EXERCISE PROMPT - Your response to the data below should hold nothing except the lines from the one containing "imageCUPSHE Womens V" down to the one containing "ブラウン系 BG1846 28,250円", reproduced exactly and without pictures.

GIVEN DATA -
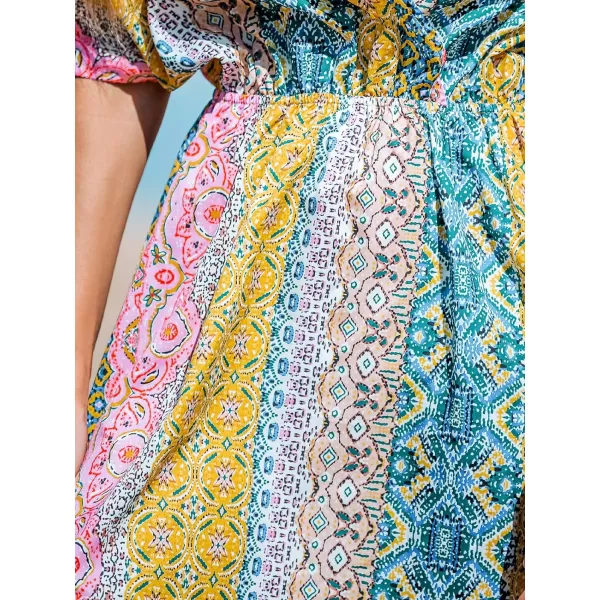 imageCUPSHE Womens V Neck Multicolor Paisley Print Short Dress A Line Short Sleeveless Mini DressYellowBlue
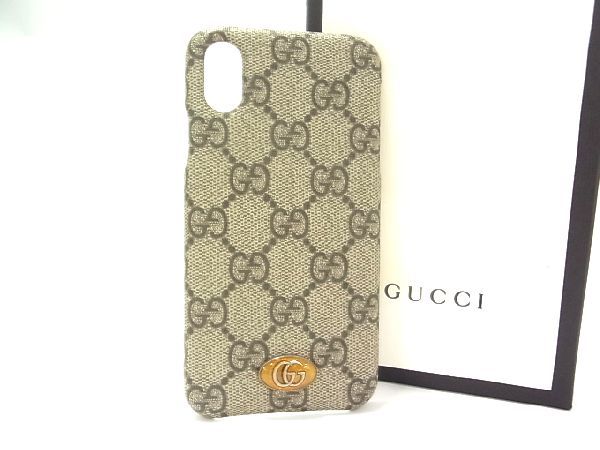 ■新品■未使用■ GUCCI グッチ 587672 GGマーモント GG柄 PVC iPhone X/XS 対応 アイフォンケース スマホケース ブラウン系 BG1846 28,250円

==

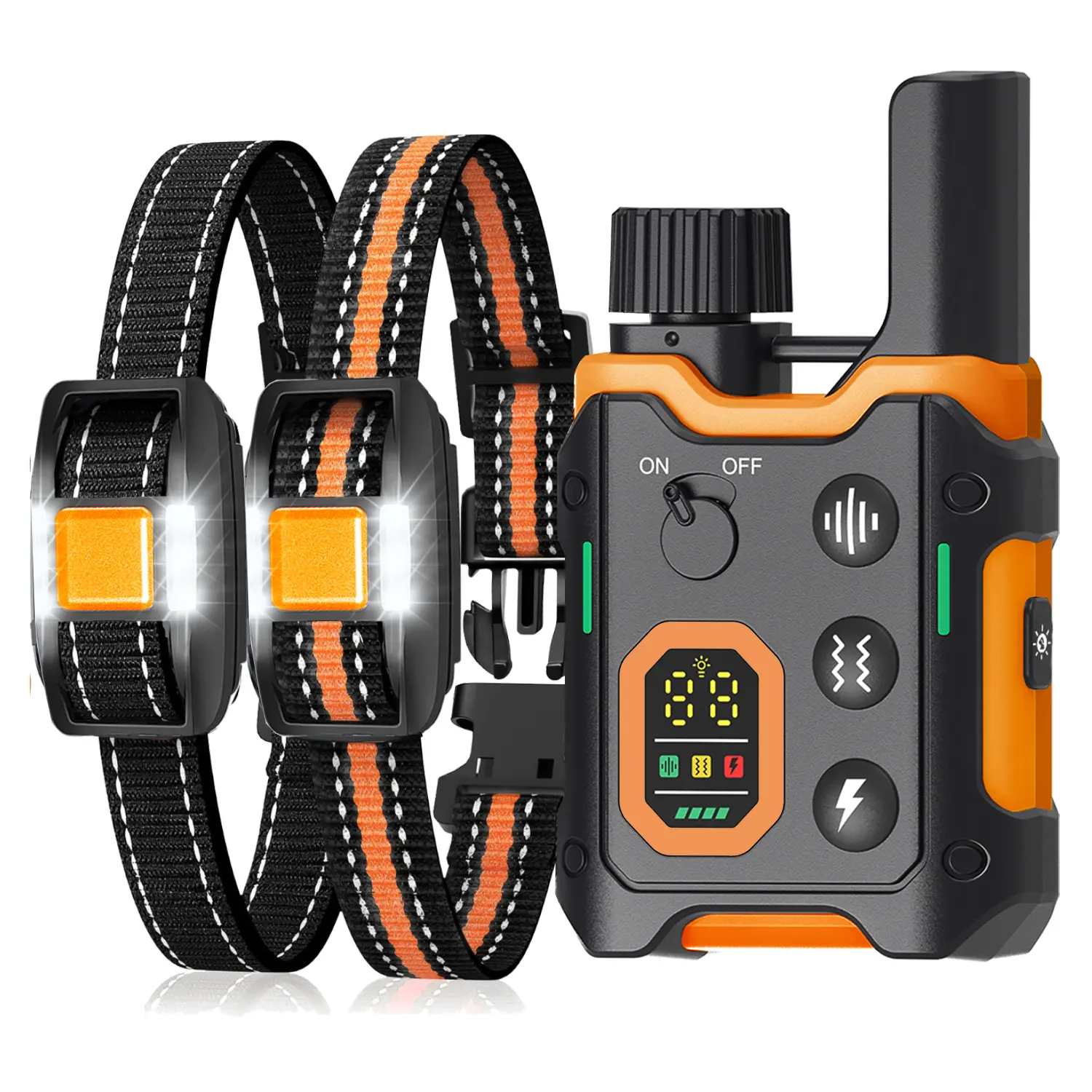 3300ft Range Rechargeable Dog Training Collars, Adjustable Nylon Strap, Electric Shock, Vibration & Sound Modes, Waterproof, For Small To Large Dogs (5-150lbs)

---

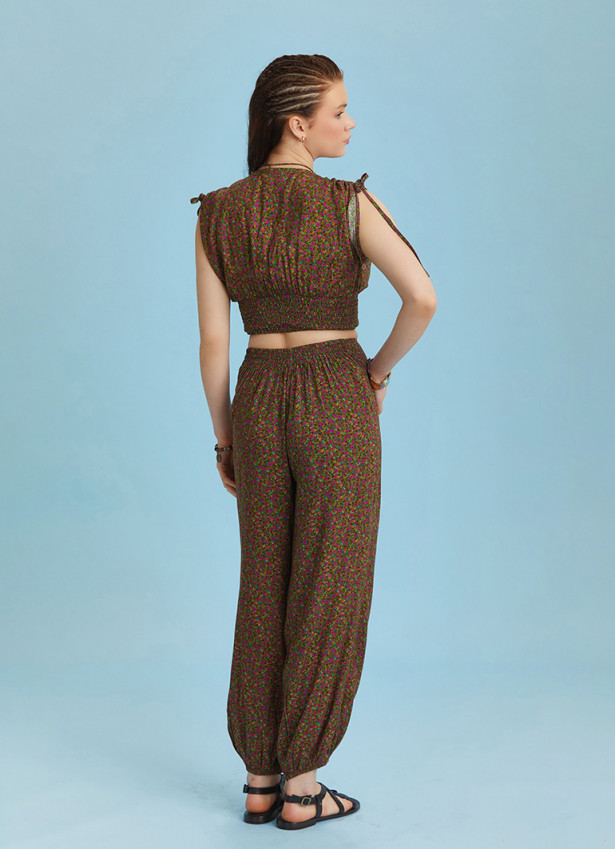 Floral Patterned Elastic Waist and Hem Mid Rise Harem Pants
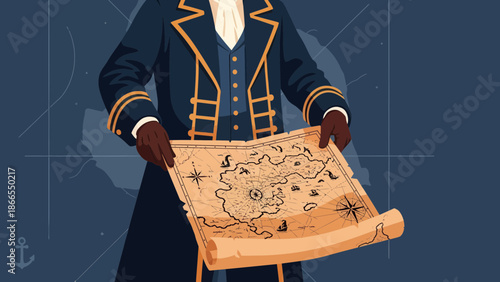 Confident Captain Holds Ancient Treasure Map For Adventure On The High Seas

TASK RESPONSE -
 imageCUPSHE Womens V Neck Multicolor Paisley Print Short Dress A Line Short Sleeveless Mini DressYellowBlue
 ■新品■未使用■ GUCCI グッチ 587672 GGマーモント GG柄 PVC iPhone X/XS 対応 アイフォンケース スマホケース ブラウン系 BG1846 28,250円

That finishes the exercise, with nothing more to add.